There are a lot of great things about Cristiano Ronaldo’s bicycle kick in Real Madrid’s victory at the Juventus Stadium.

It’s against Gigi Buffon, of course, which is always worth mentioning, while we probably need to pay attention to any goal so extravagant when it’s scored in the pressure situation of the Champions League knockout rounds.

The main thing, though? The ball is six feet in the air.

Ronaldo is one of the best headers of a ball around and can get unreal power from his neck muscles.

A header would have been the obvious move here – some might say easier – and yet he decides “no, I can score a header any time – I want to show off and I want people to know I’m showing off”.

https://www.youtube.com/watch?v=3GR2jgbkjAY

Gareth Bale v Liverpool

If scoring a bicycle kick in a Champions League quarter-final is good, we might have run out of superlatives to describe the audaciousness of Bale to pull one off in the final – with the scores level, no less.

Oh, and we should probably mention that Bale had been on the pitch for all of two minutes when he produced the goods, as if to tell Zinedine Zidane he could have already scored 30 bicycle kicks if he’d been thrown in from the start.

And frankly, when we watch this back, who are we to argue?

The Liverpool players look like they’re about to be physically sick, which is the only appropriate response to a goal so good it feels like it should be illegal.

Joe Cole v Puerto Rico FC

We’re not sure who the commentator is on this, but we just want to congratulate him on getting his priorities in order.

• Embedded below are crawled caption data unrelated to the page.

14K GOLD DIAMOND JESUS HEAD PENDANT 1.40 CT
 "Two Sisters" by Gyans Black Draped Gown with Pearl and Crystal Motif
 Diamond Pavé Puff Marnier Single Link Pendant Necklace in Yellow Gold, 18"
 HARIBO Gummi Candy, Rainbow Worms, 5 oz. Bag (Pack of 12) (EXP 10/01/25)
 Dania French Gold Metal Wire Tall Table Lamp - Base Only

By screaming “Bicycle kick… goal!” he correctly identifies that one of these things is more important than the other, and it sure isn’t the ball hitting the back of the Puerto Rico net.

The execution from Joe Cole is pretty tidy, too, not that you’d notice over the commentary.

To focus on that alone is akin to watching an Olympic 100m final and complimenting the style with which the starter sets off his pistol.

Edinson Cavani v Barcelona

There are many reasons we shouldn’t care all that much about Edinson Cavani’s goal against Barcelona, and chief among them is the fact that it didn’t count.

This isn’t a comment about friendlies being pointless games, or even about Napoli proceeding to ship five goals, thus rendering the Uruguayan’s finish moot. Rather, it simply didn’t count in the purest terms. It was disallowed, after Marek Hamšik was flagged offside in the build-up.

However, nearly eight years on, we still haven’t come to terms with it. Can’t we bend the rules on this one occasion?

The movement. The preparedness of a man so heavy to hit the turf with such force. The ball bouncing in off the crossbar, ergo the best way a goal can be scored.

Couldn’t the world have let it slide just this once?